Nas palavras do ex-coordenador do BE, “o euro não tem salvação”. E acrescenta: “Sim, o euro é destruidor de Portugal”. Louçã explica-se: “Quanto mais no agarrarmos a essa âncora que nos arrasta para o fundo, mais impossível se torna salvar o sistema bancário, garantir a confiança dos depósitos ou ter uma estrutura política em que possamos decidir sobre o orçamento. Portanto é uma situação de humilhação nacional e de destruição política.”
Debater referendo ao euro na convenção era pôr o “carro à frente dos bois”
No entanto, “não se deve pôr o carro a frente dos bois”, diz Francisco Louçã ao Observador. O Bloco não deve reagir “de cabeça quente” ao referendo britânico, mas perceber o que está a correr mal na Europa. “O debate deste fim de semana não é sobre o referendo. O Bloco defendeu o referendo ao Tratado Orçamental e tinha razão”.
Um referendo ao tratado era desejável, mas “não como uma decorrência do que aconteceu em Inglaterra”. Para Louçã, “é muito mais grave o que aconteceu em Inglaterra” por constituir “uma peça da desagregação da UE. É muito mais vasto que o Tratado Orçamental”, afirma.
Geringonça: “Pragmatismo, coerência e responsabilidade”
Apesar de apoiar um Governo socialista que se baseia em pressupostos contrários ao que defende o Bloco de Esquerda, Francisco Louçã considera que “o BE nunca poderá compactuar com políticas contraditórias com o seu mandato”. Se houver novas exigências europeias ao longo do verão, o Bloco deverá escolher perante medidas concretas que possam estar sobre a mesa. “Se essas medidas são aumento de impostos, o BE não pode aceitar porque cria recessão. Se for uma pequena mas sustentada recuperação de salários e pensões, deve comprometer-se com isso. Estamos no domínio do pragmatismo, responsabilidade e coerência”. E insiste: “É preciso manter a coerência e torná-la muito responsável.”
O dossiê decisivo é, segundo Louçã, “a reestruturação da dívida”. O cenário que desenha é catastrófico: “A Europa desagregar-se-á porque expulsará as periferias, incluindo a França e a Itália, se não houver uma recomposição que nos proteja de um choque financeiro. E isso é uma reestruturação da dívida. Quando for preciso, devemos ir buscar dinheiro ao abuso da dívida”.
O histórico bloquista reconhece que o PS “tem uma atitude muito reservada” sobre o tema. Mas antecipa que, mais dia, menos dia, “a UE vai dizer, como tem dito, cortem nas pensões ou cortem nos salários”. Nesse caso, como é que o Bloco deve reagir? “Tem de procurar soluções”, diz Francisco Louçã.

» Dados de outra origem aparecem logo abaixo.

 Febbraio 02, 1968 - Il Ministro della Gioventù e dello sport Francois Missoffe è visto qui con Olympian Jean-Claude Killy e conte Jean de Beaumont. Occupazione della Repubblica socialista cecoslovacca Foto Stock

O BE não pode aceitar que os acordos escritos sejam postos em causa e trabalhar em novos problemas que não estejam previstos. Nuns, haverá acordo, noutros não. O BE tem de se colocar muito acima da sua experiência para mostrar uma soma de verdade, radicalidade, coerência, responsabilidade e preparação. Porque as pessoas olham para o Bloco não só como uma voz, mas como quem sabe fazer e quer fazer”.
Novo Banco não deve integrar a CGD
No que respeita a um tema que tem marcado a semana — a recapitalização da Caixa Geral de Depósitos –, Francisco Louçã deixa claro que é contra a integração do Novo Banco na CGD (Maria Luís Albuquerque, ex-ministra das Finanças do PSD, chegou a escrever um artigo no Jornal de Negócios a sugerir que havia boatos em Bruxelas sobre uma eventual proposta do Governo para integrar o Novo Banco na Caixa). “Nunca defendi essa solução de integração do Novo Banco na CGD”, assume Louçã ao Observador. “A Caixa tem uma história, tem um caminho. Não tem muito sentido concentrar a banca em torno da caixa.”
“Acho que deve haver um controlo público sobre o sistema bancário”, continua, mas recorda que em dezembro fez uma sugestão ao Governo com Ricardo Cabral, vice-reitor Universidade da Madeira. A solução passava pela divisão “do Novo Banco em vários bancos, para não estar subordinado à união bancária e ao BCE e poder operar de forma prática na criação de crédito. Não sei o que o Governo pretende fazer, não há nenhum sinal sobre isso, será um grande debate.”